:: To do ::
Transcribe every line below exactly; no image goes into the output.

:: Collected data ::
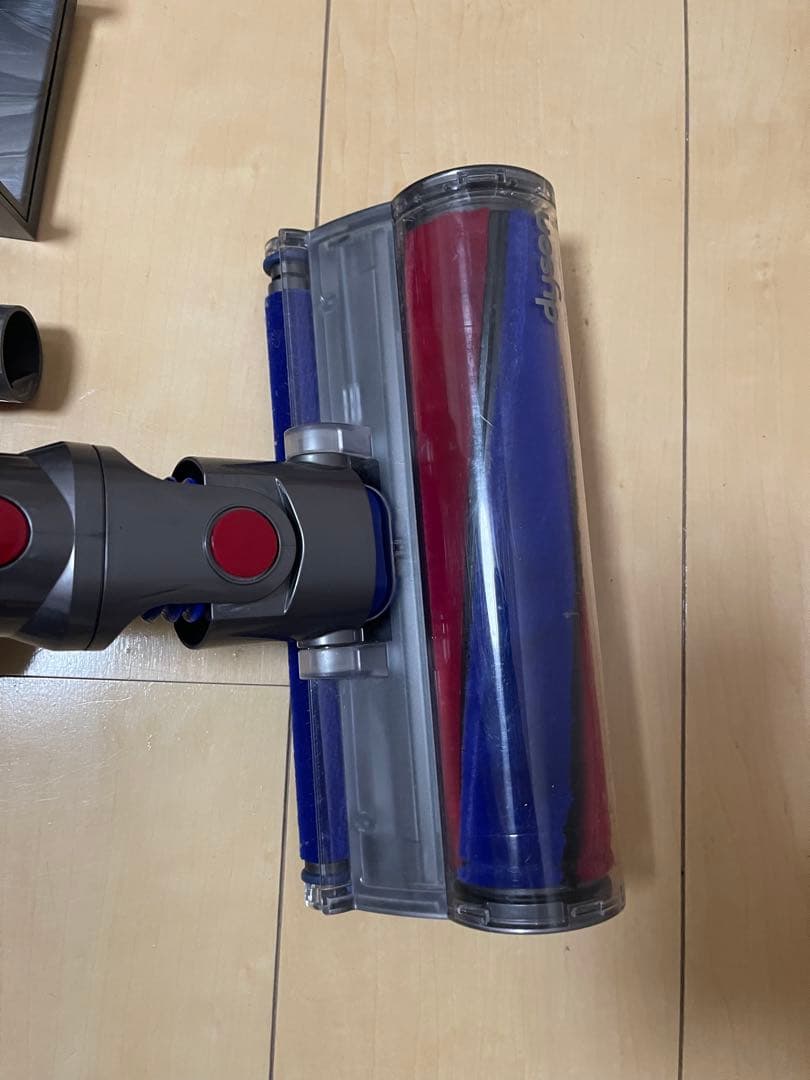 【動作品】Dyson コードレスクリーナー V11 sv14エコーモード67分
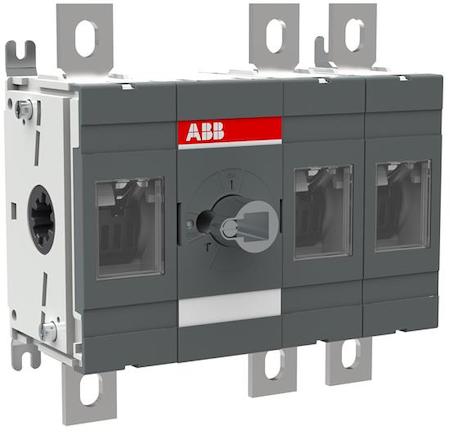 ABB 1SCA022727R6720 Front operated switch-disconnector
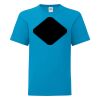 Kids Iconic T T-Shirt | Fruit of the Loom Miniaturansicht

:: Expected answer ::
 【動作品】Dyson コードレスクリーナー V11 sv14エコーモード67分
 ABB 1SCA022727R6720 Front operated switch-disconnector
 Kids Iconic T T-Shirt | Fruit of the Loom Miniaturansicht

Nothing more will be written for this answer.